On 4/16/21 7:58 AM, Toussaint OTTAVI via 44Net wrote:
Le 15/04/2021 à 18:15, Rob PE1CHL via 44Net a écrit :
I will explain things here on the list as there
may be other people wondering about this...
Wow ! What can I say more than : "Thank you very much" :-) You provided in one
message all the answers I didn't find in the Echolink documentation, HI :-)
In fact, I never managed to get my personal callsign registered at Echolink, and
that's one of the reasons reason why I don't really enjoy "closed
source" and "closed networks" :-) But it's just a personal opinion, HI
:-) As far as some of our users do enjoy Echolink, my job is to provide network access :-)
Well I deliberately did not touch on that sensitive subject... it is unfortunate that the
system is rather closed, but it is how it is.
The protocols are kind of standard (RTMP/RTCMP) and it has been reverse engineered, e.g.
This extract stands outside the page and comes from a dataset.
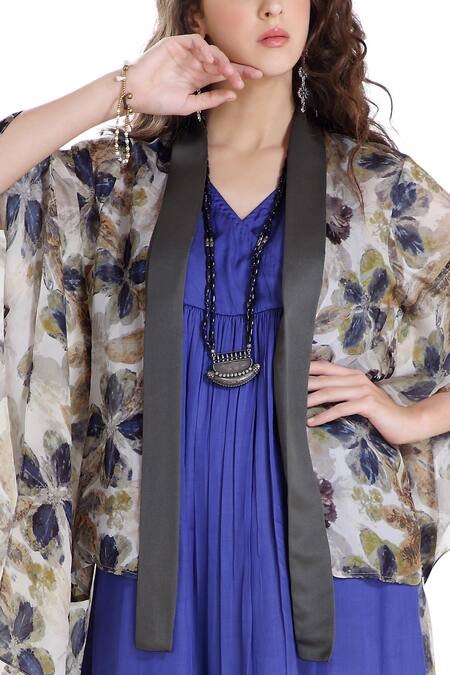 Shop Whimsical By Shica Blue Silk Organza V Neck Dress With Jacket Online at Aza Fashions Shop_Whimsical By Shica_Blue Silk Organza V Neck Dress With Jacket _Online_at_Aza_Fashions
by SM0SVX who made the SVXlink repeater controller which has Echolink support, and also
the Qtel echolink client.
But they are not really the same thing, e.g. the directory server fetches by the original
software are compressed and take less traffic than the SVX implementation. I think this
is determined also by the version number (the server recognizes if the client can do
compression by comparing the version number).
Yesterday, when trying to troubleshoot a problem with our Asterisk / app_rpt /
chan_echolink, I noticed that, when selecting "auto proxy" on the client, I was
redirected to 44.190.8.180 (VK3JED), with a ping of 256ms (Hello Tony, are your proxies
using "long path", HI ?)
What made me think about installing some local proxy :-)
Yes that is a bit funny, it appears the geolocation service sometimes fails
dramatically. I also have many users from all over the world on our system.
The client fetches the proxy list (
echolink.org/proxylist.jsp) and picks a
"Ready" proxy at some small random offset near the top.
Normally you should see local proxies at the top of the list. Here I do. But apparently
this does not always work.
Anyway, reading your clear explanation, I think it would be a waste of public IPs. AFAIK,
I can install some "local proxies" and point my users specifically to them. But
it's not possible to make "local relays" and restrict them to my local
users. And I don't have network resources for providing WW relays. Then, as far as our
BGP gateway for 44.190 addresses is in Paris, and most French public ISP traffic (even
from our island of Corsica) goes through Paris, it seems clever to use existing
proxies/relays in Europe, and in the Netherlands (which is very near from Paris in terms
of ping).
Well, in my opinion the use of a couple hundred or a few thousand of our
public IP addresses for this purpose, which although it is a closed system is really an
amateur radio related application, is not too bad. Of course when you have a 44.190/24
network and you use it for other things as well it may be that way, but we use 256 out of
our 65536 addresses in 44.137.0.0/16 and I think that is fine. Even in 44.190 I think you
could apply for another /24 when you would desire to do that.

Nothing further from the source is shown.